Violenza psicologica: denigrazione, mancanza di sostegno per i successi dell’altro, controllo ossessivo delle sue abitudini, condizione di dipendenza economica. E ancora: isolamento dalla famiglia di origine e dagli amici, visti come una minaccia per il potere di controllo esercitato sulla vittima.

Tra le varie forme di violenza che un essere umano può commettere nei confronti di altre persone, quella psicologica è la più subdola: difficile da percepire, si insinua nella vita della vittima senza segnali lampanti che le diano un’avvisaglia chiara del pericolo in corso.

Non imprime segni evidenti come le percosse e nessun pronto soccorso rilascia un certificato per un abuso invisibile agli occhi.

La violenza psicologica è una condizione di sudditanza, fatta non solo di regole imposte, ma anche di atteggiamenti velati che pongono una persona in posizione subalterna; è anche difficile da denunciare proprio perché rientra nell’ambito di una serie di atti coercitivi sfumati nella loro intangibilità.

Lo spiega bene la psicologa e psicoterapeuta Anna Maria Pagliara, presidente dell’associazione Spazio Chora, che attualmente opera sul territorio di Capena, anche (ma non solo) in questo ambito così delicato: “Il problema nell’individuare episodi di violenza psicologica sta nel fatto che questo tipo di abuso non ha un corrispettivo oggettivo: siamo parlando di situazioni sfumate, nebulose. Quando fenomeni del genere avvengono all’interno di un nucleo familiare, possono crearsi dinamiche tali per cui la vittima fatica a rendersi subito conto di ciò che sta accadendo, perché vede in questi atteggiamenti dei normali meccanismi che tengono in equilibrio la coppia.

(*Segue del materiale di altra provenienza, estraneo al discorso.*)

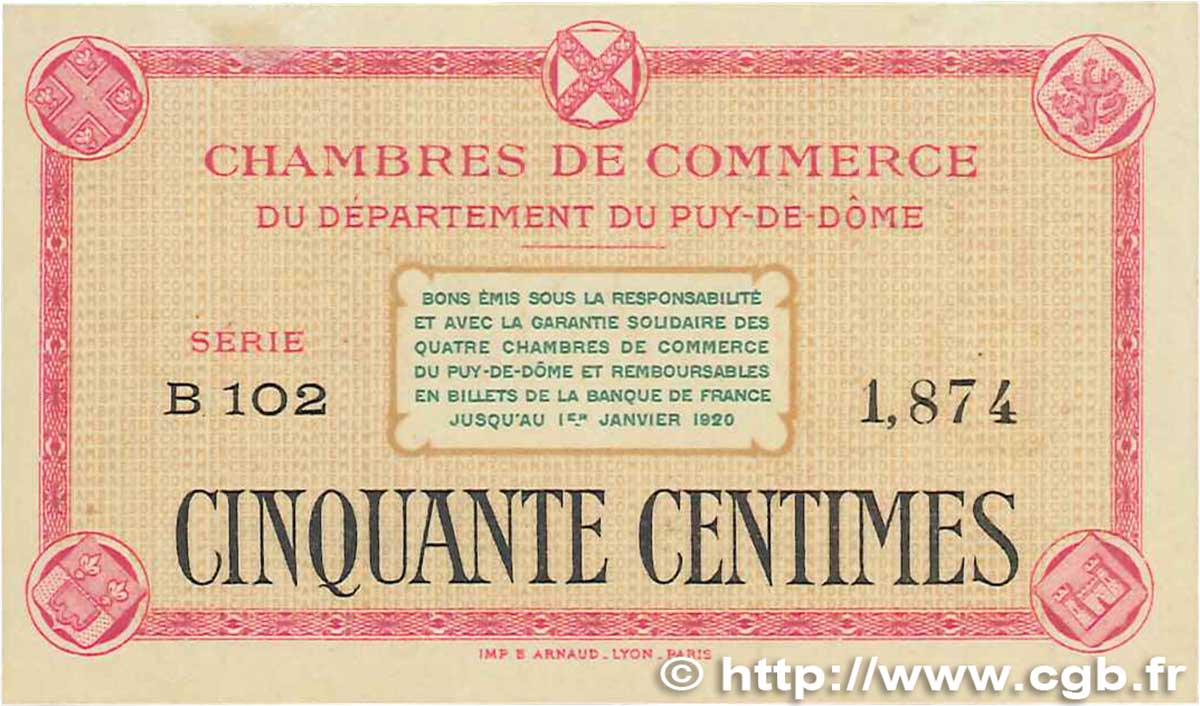 50 Centimes FRANCE regionalismo e varie Puy-De-Dôme 1918 JP.103.12 SPL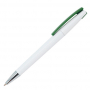 Ручка шариковая Zorro, пластиковая, белая с темно-зеленым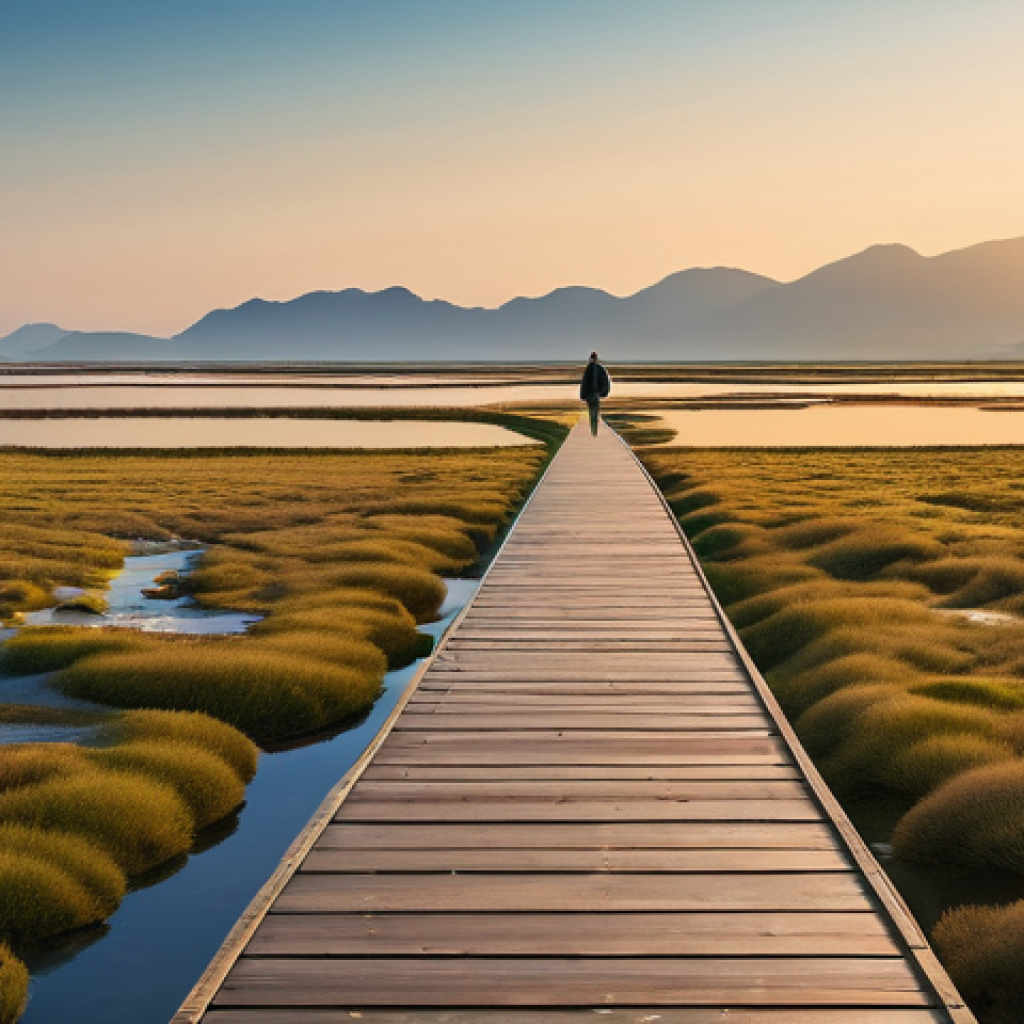 생태관광 개발 - **Prompt 1: Serene Tidal Flat Eco-Healing Garden in Buan**
A wide, tranquil view of the Sura Get...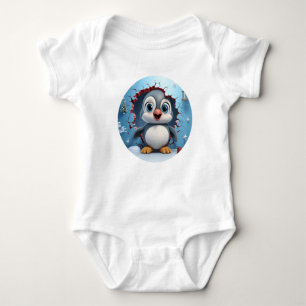 Cute Snowy Explorer Penguin Baby Baby Bodysuit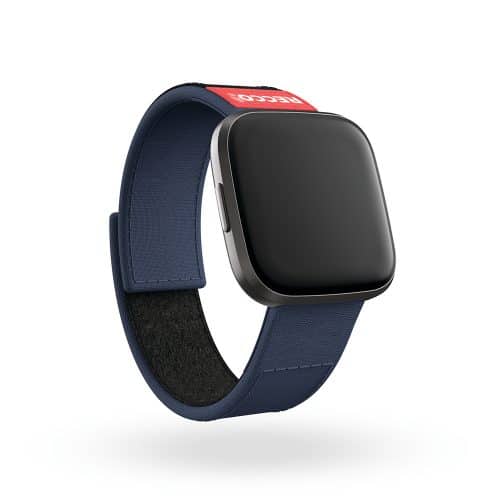 Fitbit Versa 2 with blue RECCO band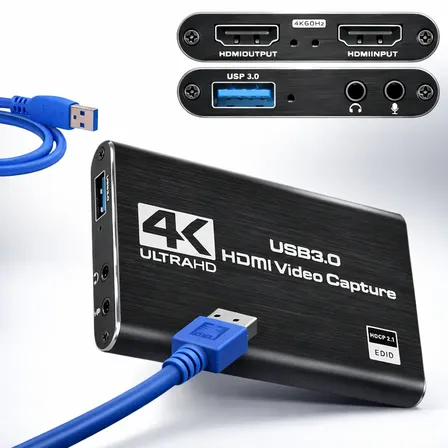Placa De Captura Vídeo Hdmi 2x1 Externa Gamer Interface Multimídia Full Hd 4k 60fps Usb 3.0 Chrome Technology Metalico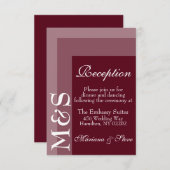 バーグンディモダンウェディングレセプションカード サンキューカード (正面/裏面)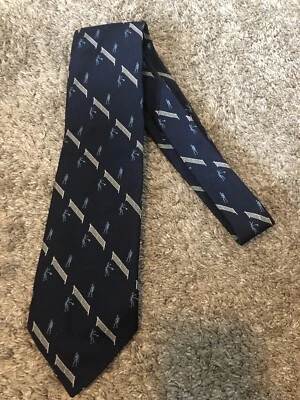 Corbata de tenis individual vintage para hombre Tom Bass Tiger Hall azul hecha en EE. UU. Foto 1 de 4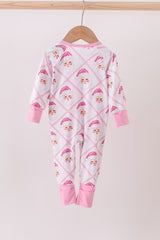 Pink Santa Claus Bamboo Ruffle Zipper Romper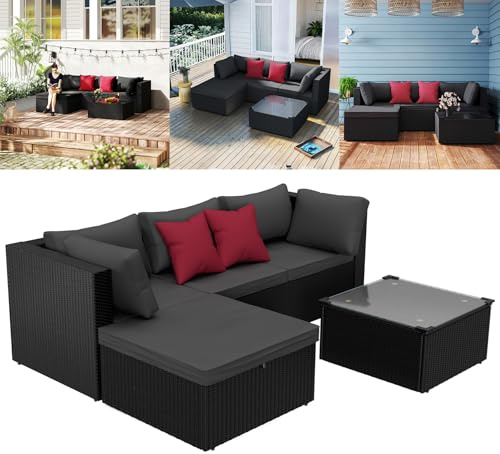UISEBRT Gartenmöbel Set Polyrattan Lounge Schwarz mit 3er Sofa, Sessel, Hocker, Tisch, Balkonmöbel Sitzgruppe Gartensofa mit Sitzkissen Wetterfeste Outdoor Möbel für Terrasse und Garten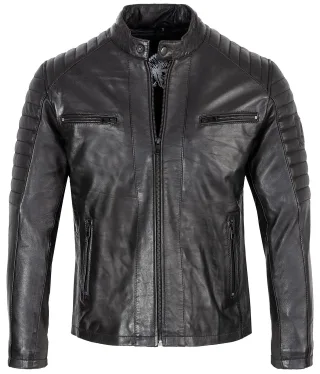 Rock Creek Lederjacke Schwarz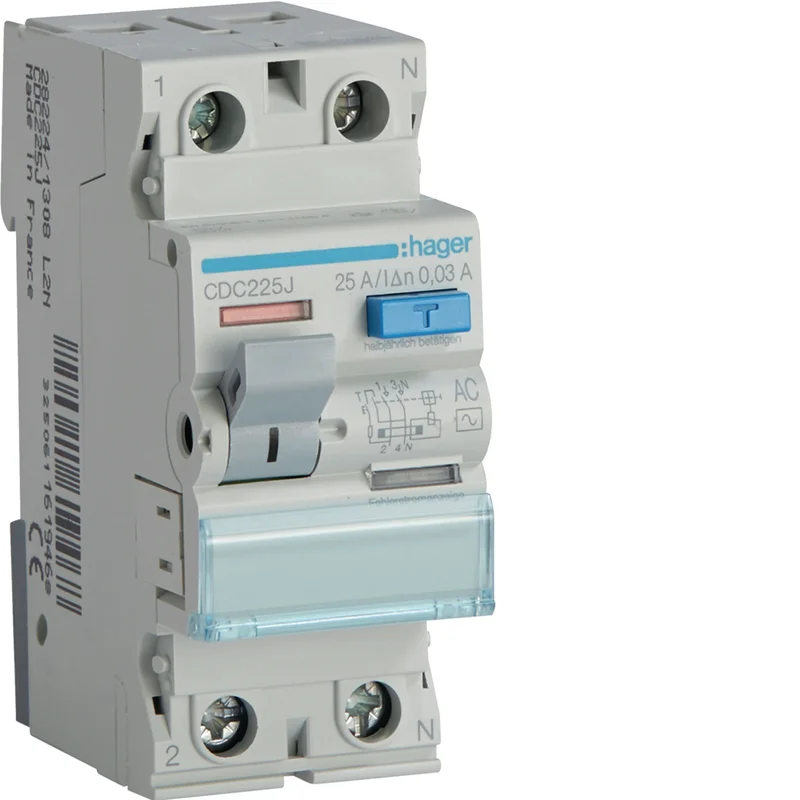 Hager RCCB Wyłącznik różnicowoprądowy 2P 25A/30mA Typ AC CDC225J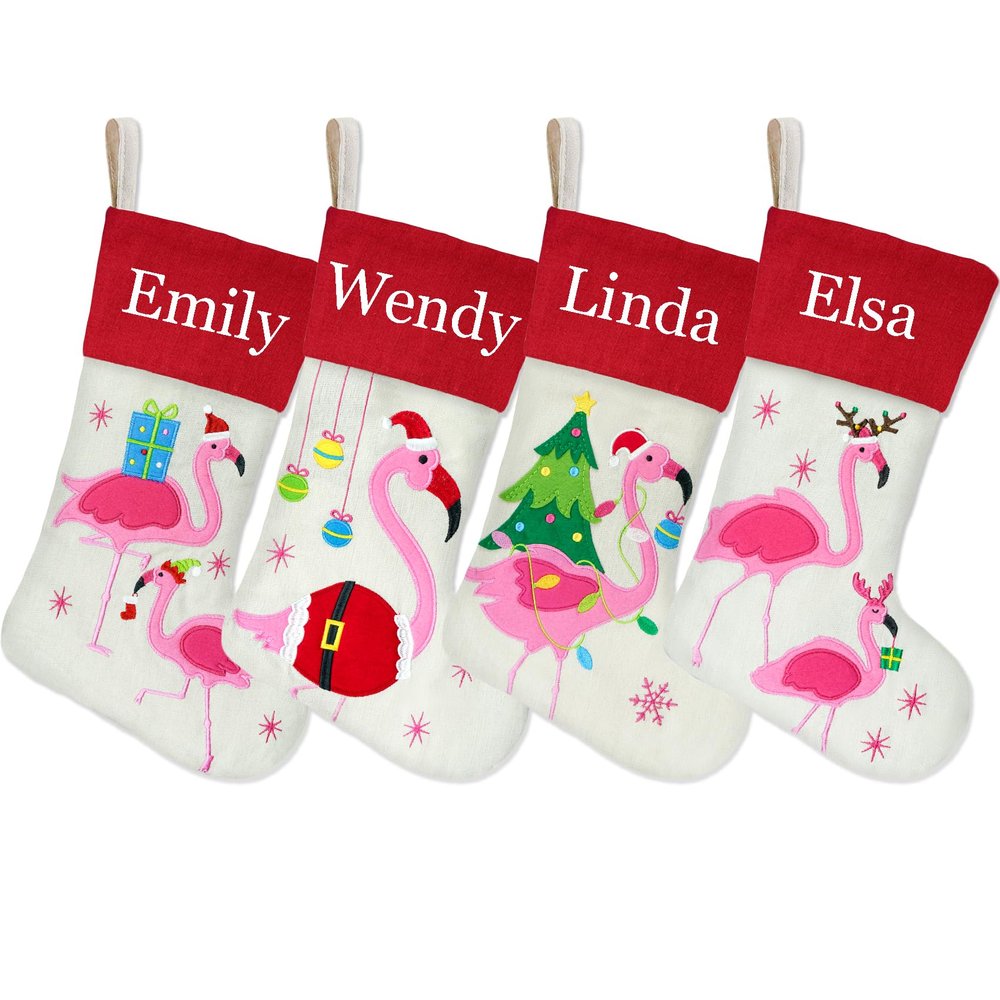 DearSun Set of 4, 18" Personalized Christmas Stockings with Exquisite Embroidery Names, Lovely Flamingo Designs, Quality Linen Stockings for Family Decor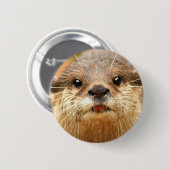 Aziatische kleingeestig otter ronde button 5,7 cm (Voorkant /achterkant)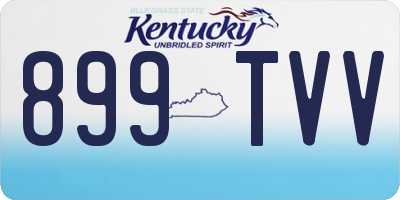 KY license plate 899TVV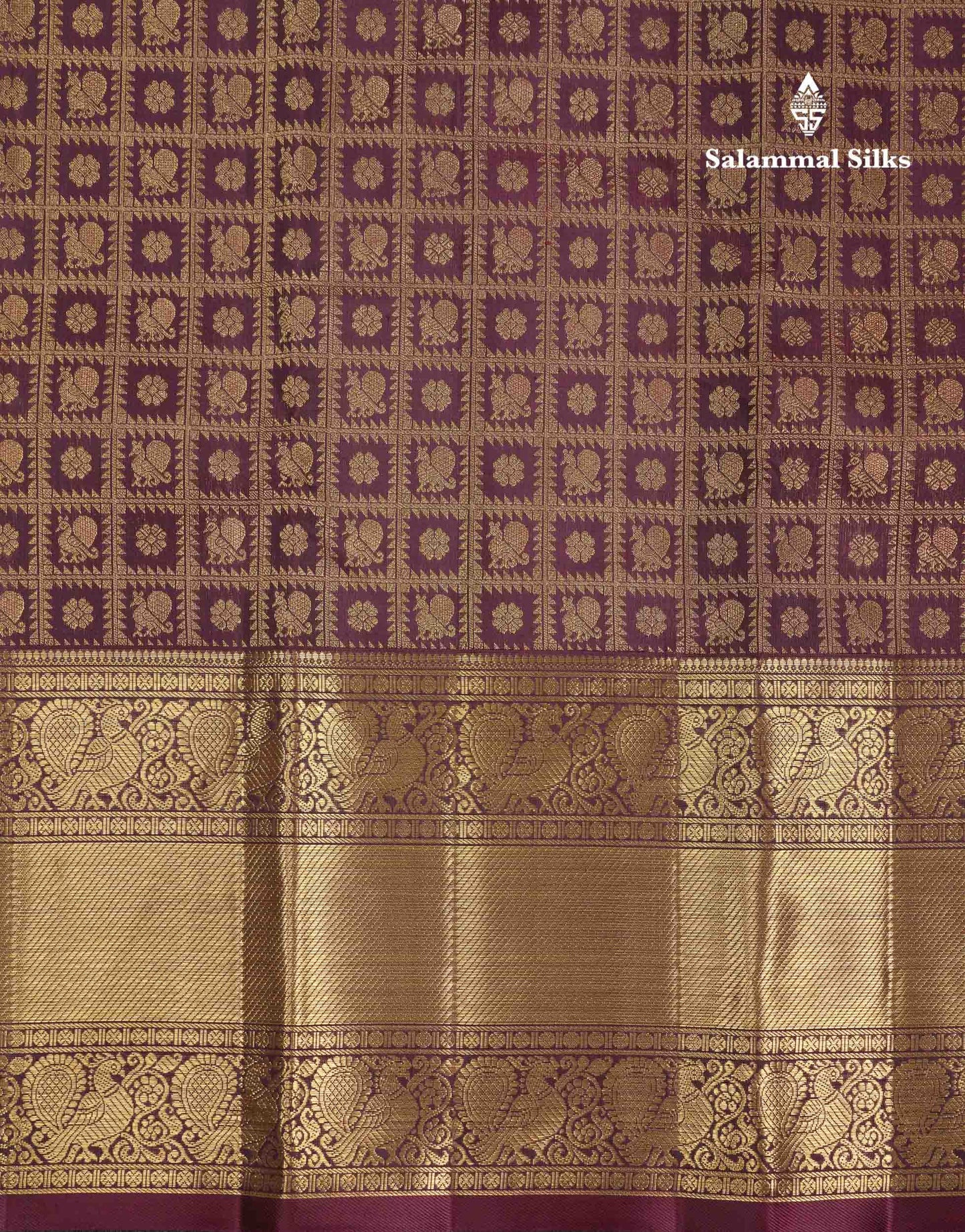 Beautiful Wine Colour Checks & Buttas Bridal 2G Pure Kanjivaram Silk Saree With Traditional Evening Morning Border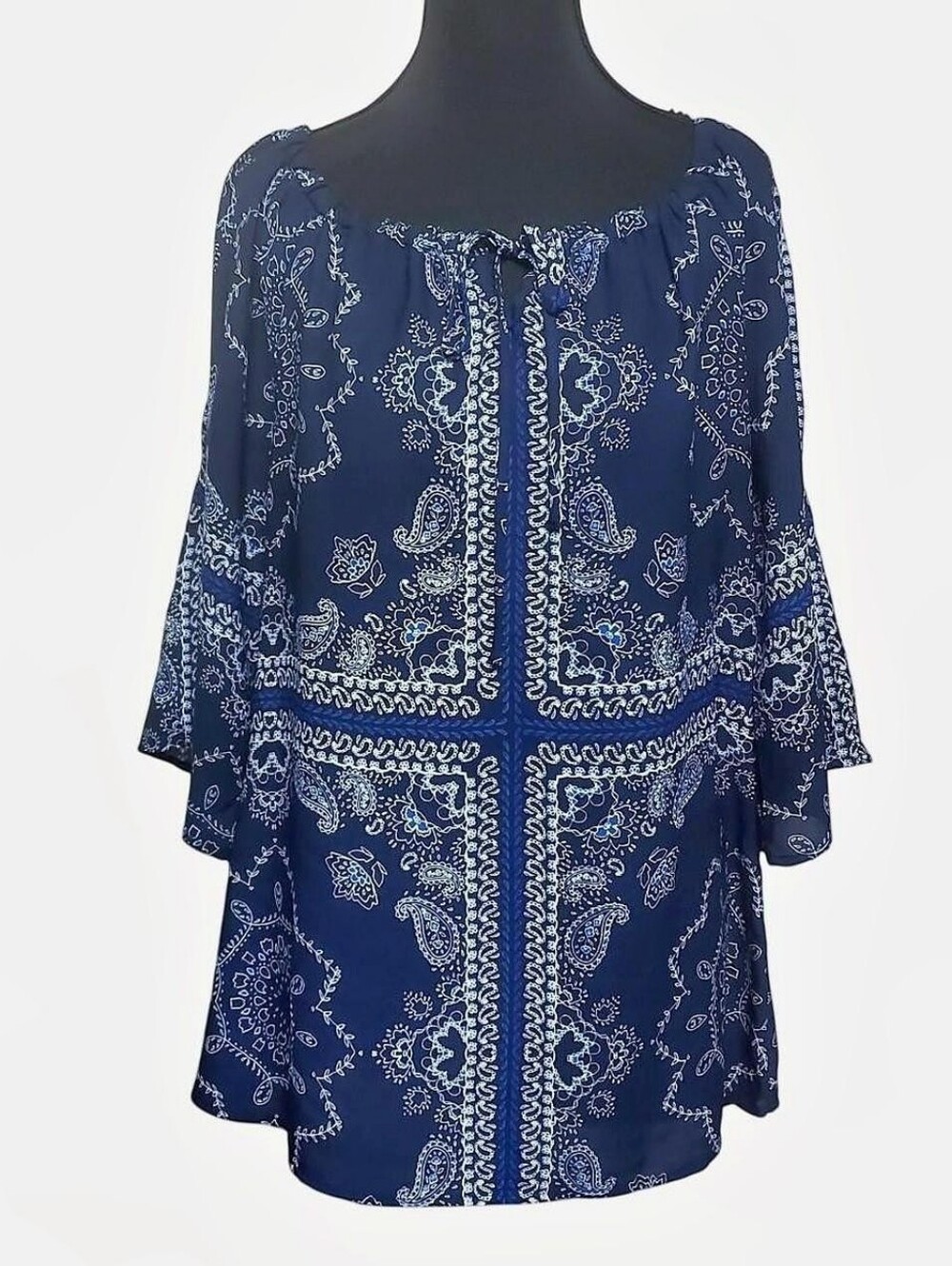 Vtg Y2k Westport Top Womens XS Blue Long Blouse Boho Paisley Drawstring Whimsy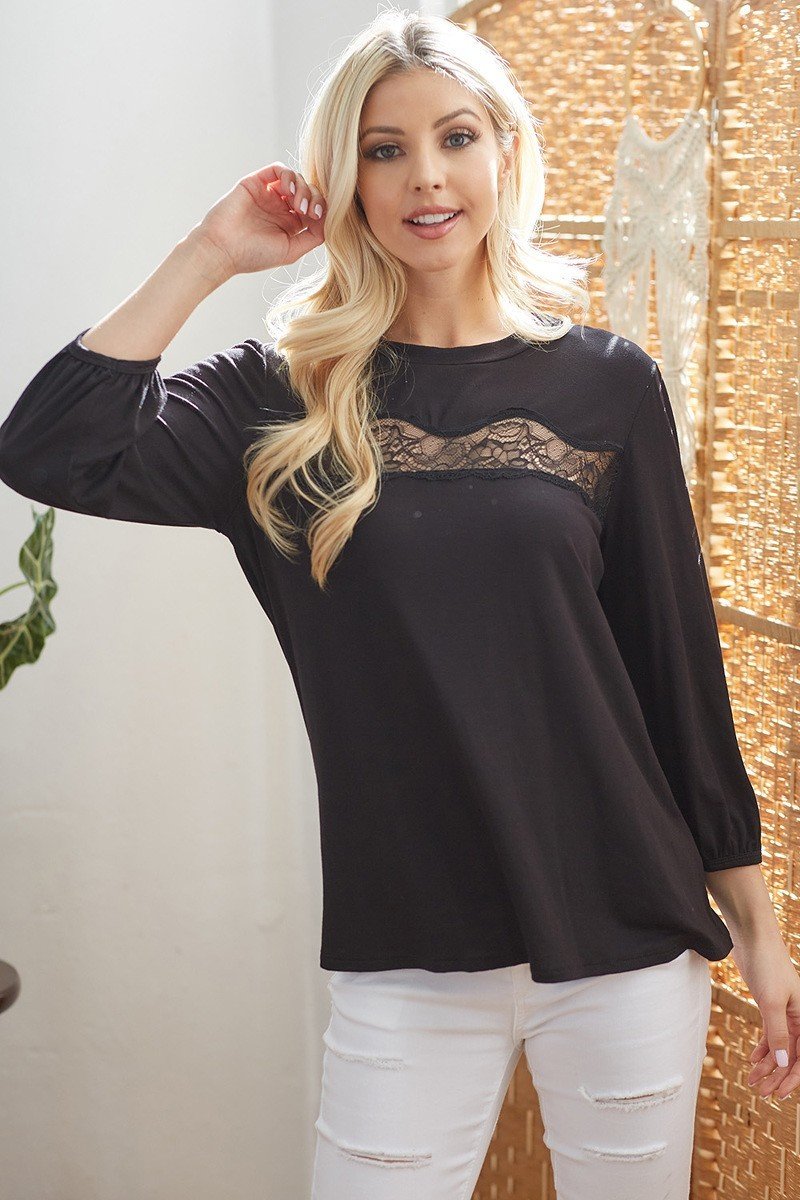 Laced See Through Longsleeve Top - Fashion Quality Boutik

In questo modo si creano però i presupposti per un crescendo di disagi che, alla lunga, potrebbero sfociare in altre forme di violenza, magari a seguito di un episodio più eclatante.

E qui subentra il lavoro dei centri antiviolenza o di associazioni come Spazio Chora, che gestisce incontri di “spazio protetto” all’interno della struttura di Capena: “Quando casi di questo tipo arrivano da noi” racconta la la dott.ssa Pagliara si tratta di situazioni in cui le forme di violenza sono già ad un livello più fisico. Ma chi lo sa se, talvolta, non si sia partiti proprio da un contesto di violenze psicologiche?”

La violenza psicologica rientra nel’ambito più ampio della violenza di genere e, anche in questo caso, le donne hanno un triste primato nelle statistiche: una volta isolate, svilite e rese dipendenti economicamente dal proprio partner, faticano a uscire da un meccanismo contorto che si è insinuato nella loro vita senza lasciare lividi esteriori, ma solo grandi ferite interiori.

Vivono in una situazione di immobilismo e apparente normalità.

Invisibili, sanguinanti.

Vittime.

E poi ci sono loro, gli uomini.

Lasciando da parte le statistiche, si percepisce un mondo sommerso in cui anche loro possono essere vittime di violenza psicologica.

Atti persecutori, ricatti amorali (magari sulla possibilità di vedere i figli dopo una separazione, con conseguente intervento di tribunali) stalking, svilimento.

Uomini molto silenziosi, vittime di una società che ancora si basa su uno stereotipo di genere che li vuole forti e indipendenti.

Non è ammesso tentennare, pena non essere creduti.

Perché, in fondo, si sa, nell’immaginario collettivo i “veri uomini” non sono autorizzati a piangere mai.